Take the line that contains "Light And Spacious" and each line after it to the end of the data below, and set them down exactly, omitting pictures.
[Recorded information]
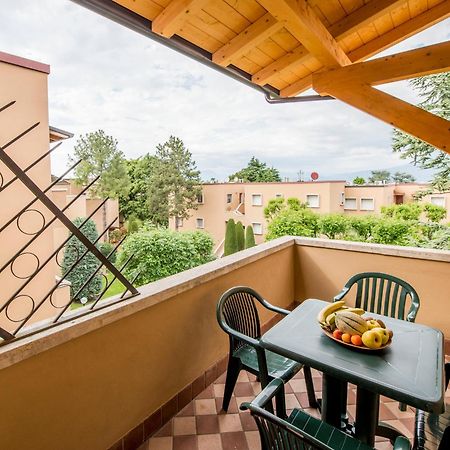 Italianflat - Peschiera Residence Пескьера-дель-Гарда Экстерьер фото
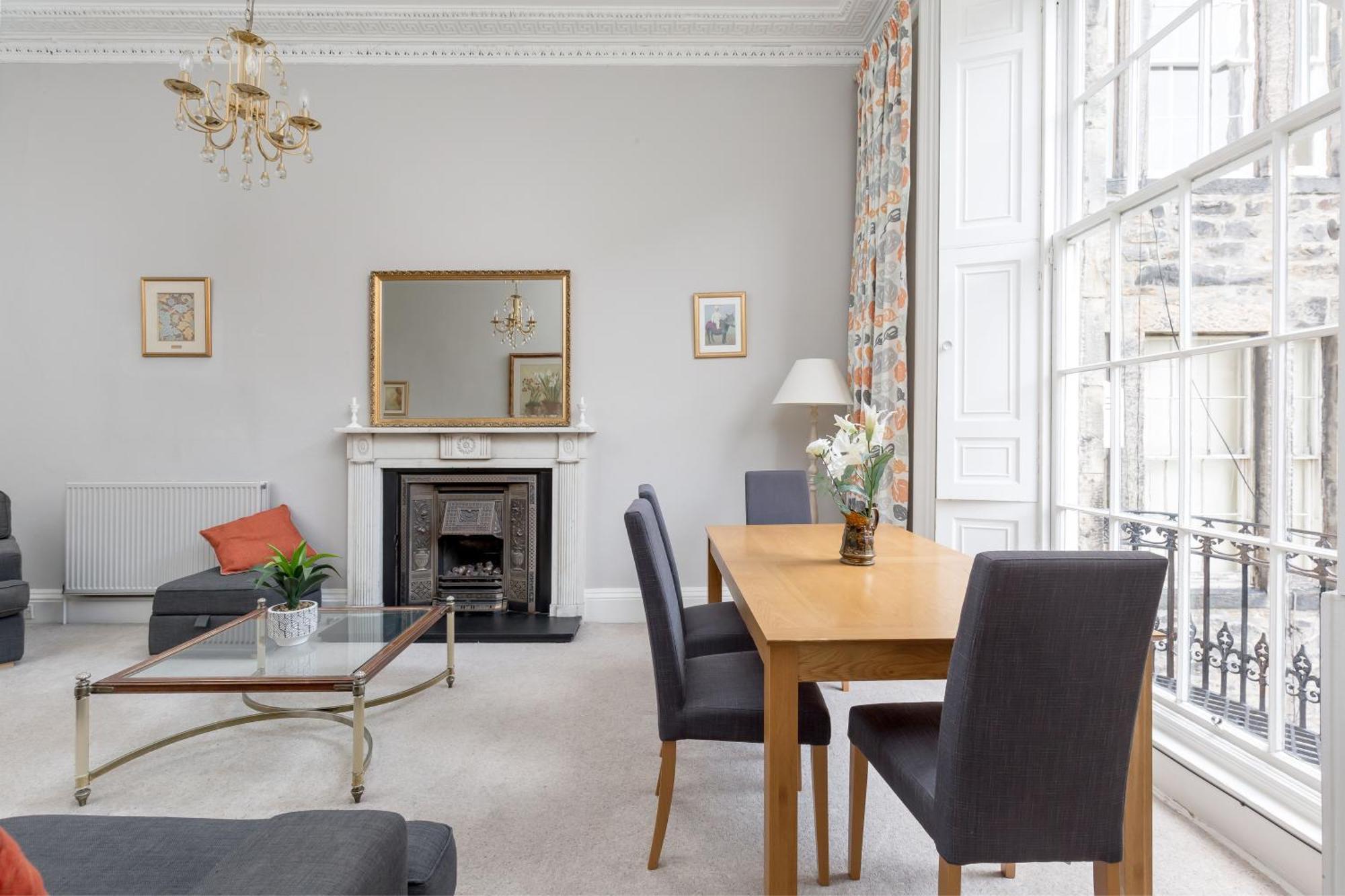 Light And Spacious 2 Bedroom Flat In Heart Of Edinburgh Dış mekan fotoğraf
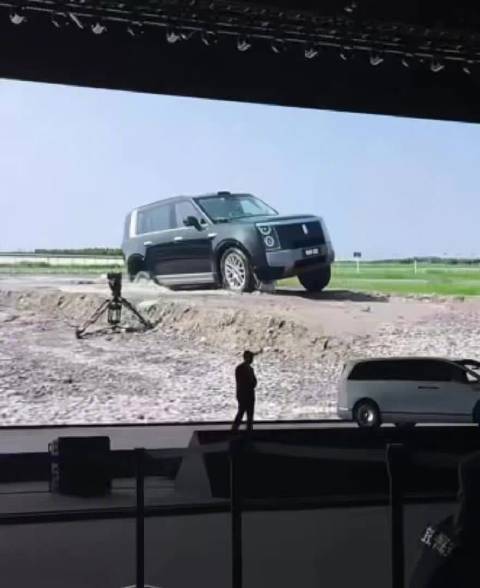 为什么泥水沾不上这台享界G9越野车？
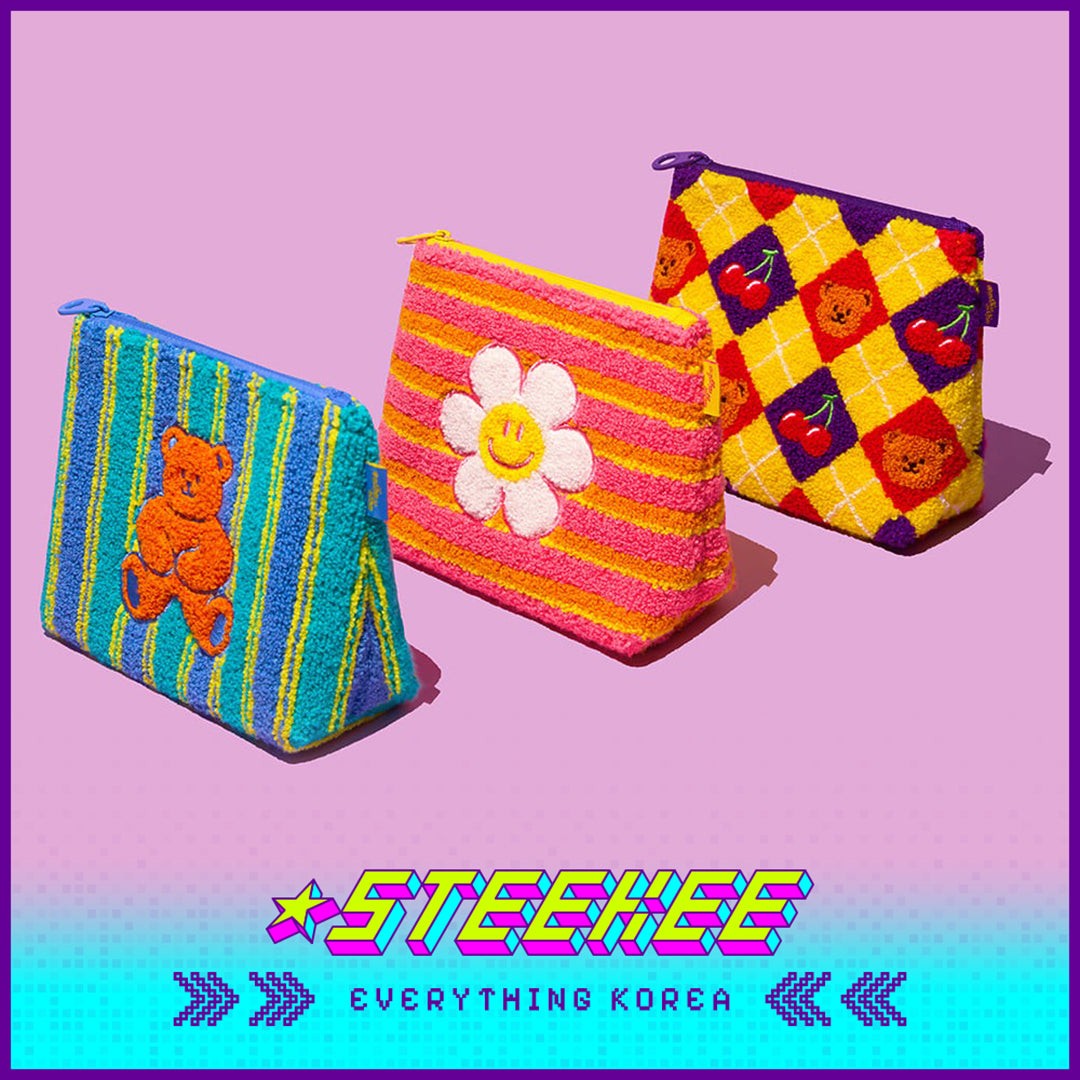 Wiggle Wiggle Travel Portable Large Capacity Soft Plush Storage Bag Cosmetic Bag by Steekee Korea 4443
[/Recorded information]
:: Response area ::
 Light And Spacious 2 Bedroom Flat In Heart Of Edinburgh Dış mekan fotoğraf
 为什么泥水沾不上这台享界G9越野车？
 Wiggle Wiggle Travel Portable Large Capacity Soft Plush Storage Bag Cosmetic Bag by Steekee Korea 4443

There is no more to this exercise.